Just in case you haven’t had your fill of being creeped out this month (Simon Cowell did put a baby in a lady after all), I would like to suggest that we all take a moment to think about the Daily Mail. I KNOW. Nobody wants to do that. Personally, the furthest I usually like to go is to scan a few pictures of ‘celebs’ on their holidays, feel briefly bad about my thighs and even worse about my soul, and then delete my internet history. But in the spirit of scrutiny, which the DM specialises in (and I think we all know of what) I wanted to talk about the EPICALLY creepy way it reports on young girls. 

Or, to put it another way, why a paper that once ran the headline ‘Why parents are to blame for the sexualisation of children’ might be slightly in denial. 

Because talking helps, you guys.

Let’s be honest, we all have bad habits. Mine include smoking, sighing loudly (and courageously) at the backs of people who walk slowly on escalators and (duh) reading the Daily Mail. And of those habits, I think we can all agree that reading the DM is probably the worst. It’s definitely the only one that makes me want to lose weight and emigrate to a place where there are no people at the same time. And I’m sure that that some of y’all are going through what I went through so I wanted to share my story about giving up the bad stuff, and learning that I am not to blame for the problems I have with the DM. 
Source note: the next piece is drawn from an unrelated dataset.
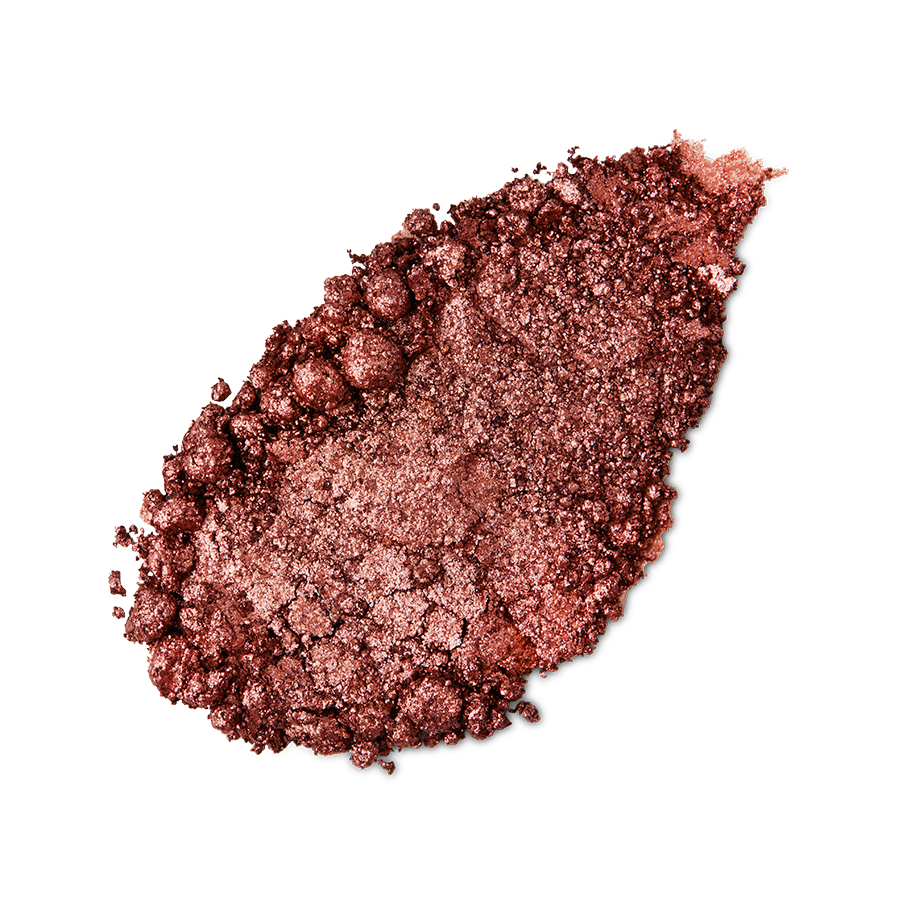 Comet Glitter Crumble. A neatly smudged swatch of crumbly, shimmering, earthy-bronze, metallic eyeshadow.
In order to make things better for myself when Judgement Day happens (aka my yearly run through of all the New Year’s resolutions I really really should make) I decided to stop reading the DM and use the saved minutes (ok hours) to reread my favourite books, starting with the classic novel, Lolita. I know, get me. With great literature as my replacement drug, a sack of pumpkin seeds at my side and armed with my NHS stress ball (left over from the last time I gave up one of my bad habits…) I was ready for a serious detox.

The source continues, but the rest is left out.